* **Problem requirements**
Would you output all the lines below precisely as they stand, leaving each picture out?

##### Raw data

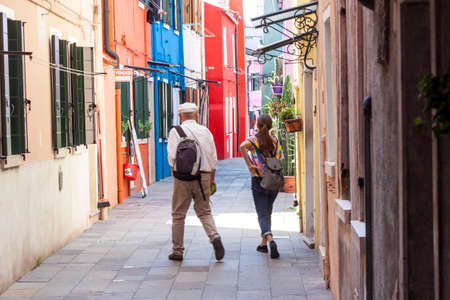 Burano, ITALY -  MAY 2, 2019: Tourist on street of old Colorful city of Burano on May 2,2019 in Burano island in Italy. View on Colorful houses.のeditorial素材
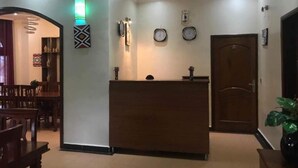 A reception area with a wooden desk, a clock, and a door. - Puma Garden and Suites (Kigali)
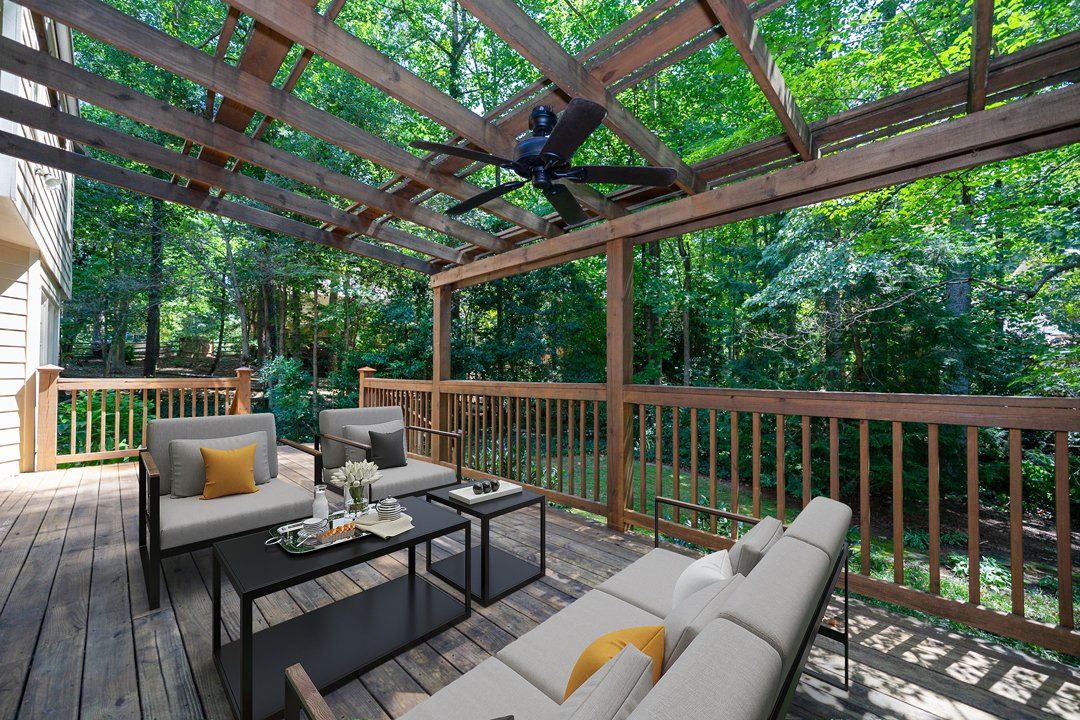 There is a ceiling fan hanging from the ceiling of the deck.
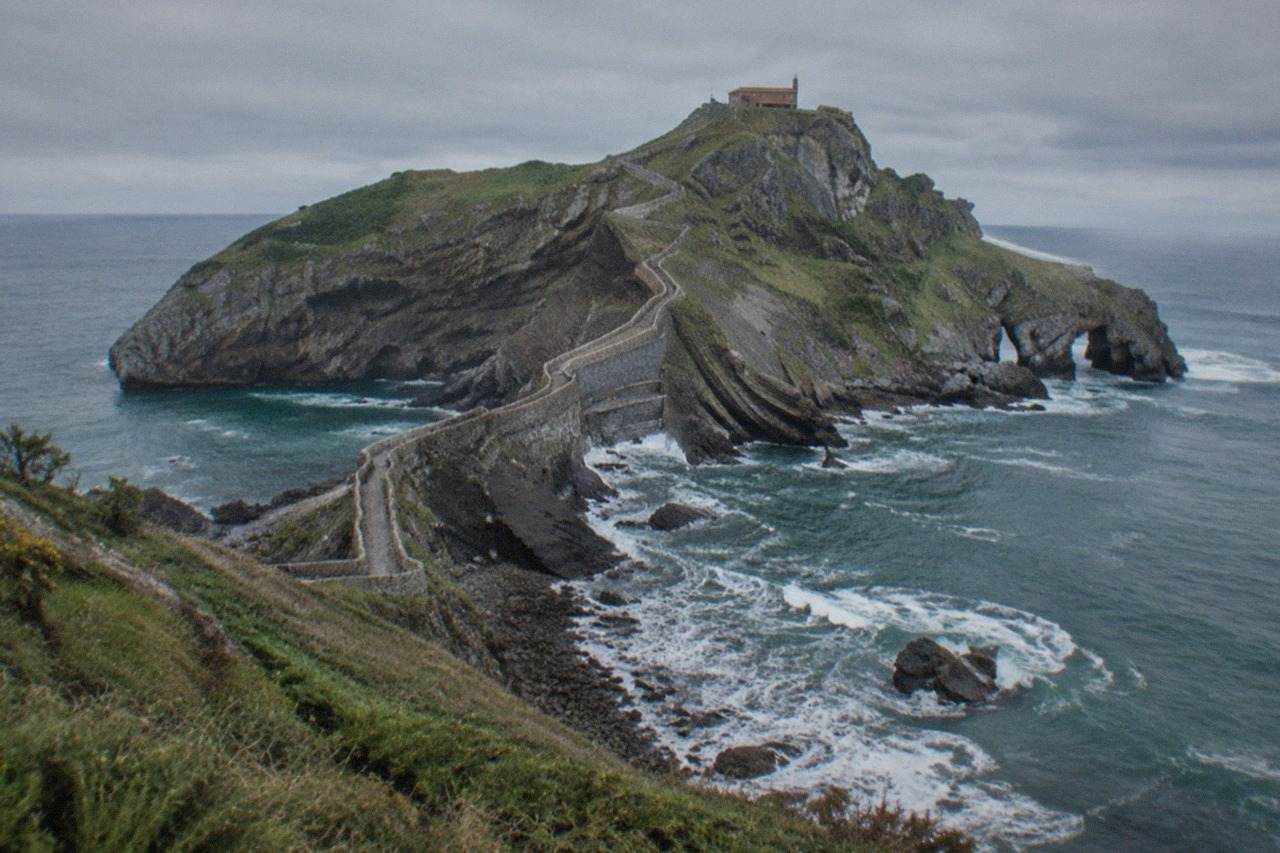 The rocky islet of Gaztelugatxe with its stone causeway winding down to the sea under a grey northern Spanish sky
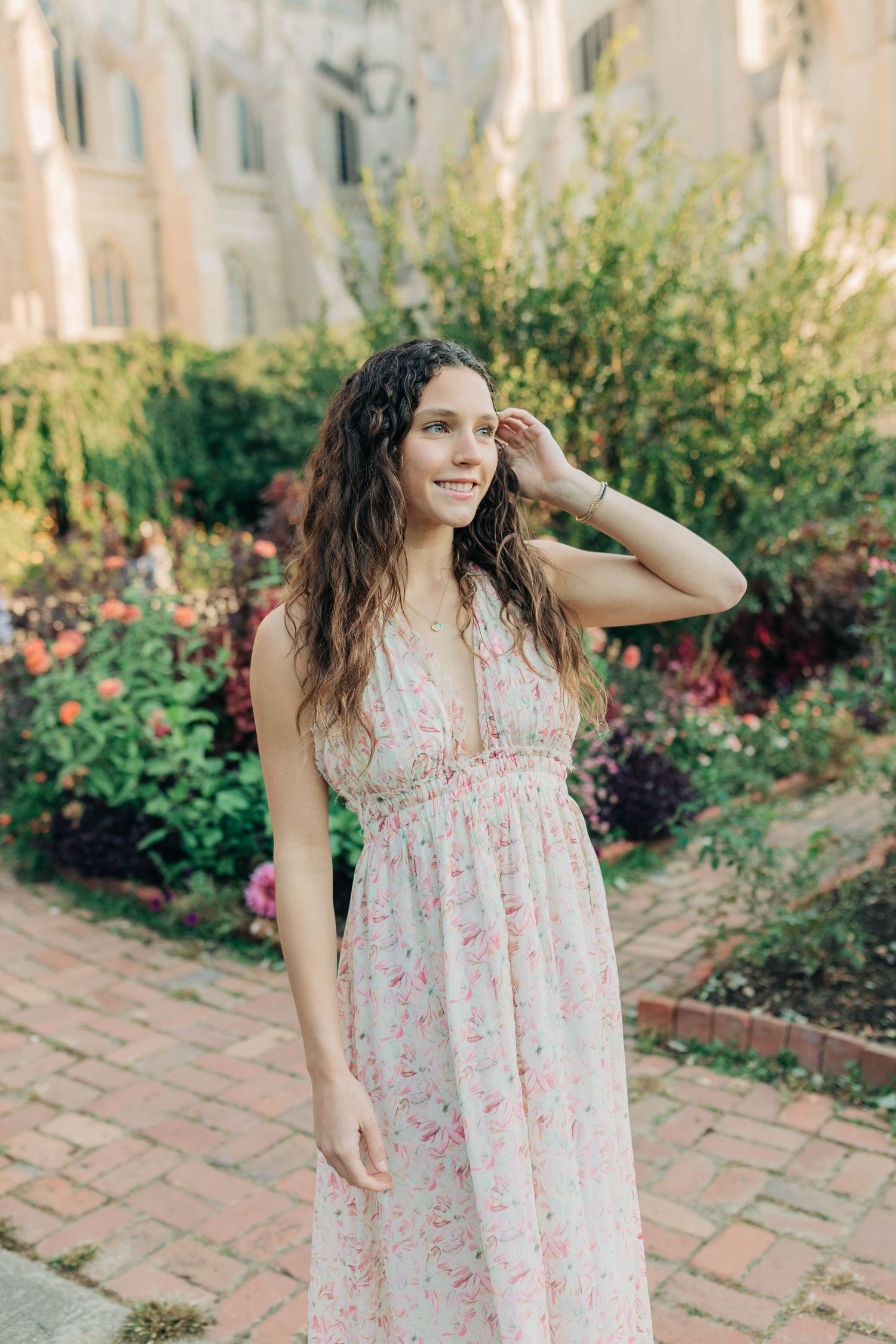 Brick pathway lined with colorful flowers provides a charming garden setting for portraits.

##########

* **Task response**
 Burano, ITALY -  MAY 2, 2019: Tourist on street of old Colorful city of Burano on May 2,2019 in Burano island in Italy. View on Colorful houses.のeditorial素材
 A reception area with a wooden desk, a clock, and a door. - Puma Garden and Suites (Kigali)
 There is a ceiling fan hanging from the ceiling of the deck.
 The rocky islet of Gaztelugatxe with its stone causeway winding down to the sea under a grey northern Spanish sky
 Brick pathway lined with colorful flowers provides a charming garden setting for portraits.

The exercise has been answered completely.